Vom Wetter und der Nationalelf leergefegt
War es der Europameisterschaft, dem heißen Wetter, der Noch-Vorsicht des Publikums oder der Ansage, auch neue Musik für Cembalo zu spielen, geschuldet, dass am Montag beim Recital des iranisch-amerikanischen Cembalisten Mahan Esfahani gerade einmal 18 Personen im Brucknerhaus saßen?
Schwer zu beantworten, aber alle, die ein kühles Bad oder die Nationalelf vorgezogen haben, haben sich viel entgehen lassen. Denn für Esfahani ist zeitgenössische Musik nicht bloß lästige Pflicht, sondern auf derselben Ebene wie Renaissance und Barock, um mit Tönen selbst in Spannung zu geraten und diese auf das Publikum zu übertragen.
Elektroakustische Welten
Zwischen Thomas Tallis’ virtuosem Felix namque und Orlando Gibbons g-Moll-Pavane fügte sich die wahrscheinlich allererste Komposition für Cembalo und Elektronik höchst homogen ein. Das Konzert für Cembalo und Magnettonband des Komponisten Josef Tal bleibt vom formalen Konzept am klassischen Vorbild orientiert, ersetzt aber das Orchester durch elektroakustische Klänge.

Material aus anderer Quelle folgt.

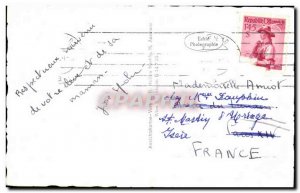 Old Postcard Wien Panorama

Ganz anders mit der Klangwelt von Cembalo und Elektronik geht Oscar Jockel um. In dem uraufgeführten Stück "honig.meer.licht" fügt sich das Instrument mit schier endlosen Trillerkaskaden in einen elektroakustischen Klangteppich ein. Ebenfalls an diesem Abend uraufgeführt hat Esfahani das Stück "Les lotophages" des koreanischen Komponisten Jinwook Jung. Dabei arbeitete er mit kleinen Motiven, die in ihrer Knappheit beeindruckten.
Als Draufgabe gab es dann noch die ausgedehnte "Overture to Orpheus" des niederländischen Komponisten Louis Andriessen. (wruss)
Fazit: Auch für den kleinen Kennerkreis musizierte Mahan Esfahani das Programm mit absoluter Hingabe und technischer Perfektion. Besser und spannender kann ein Fußballspiel keinesfalls sein.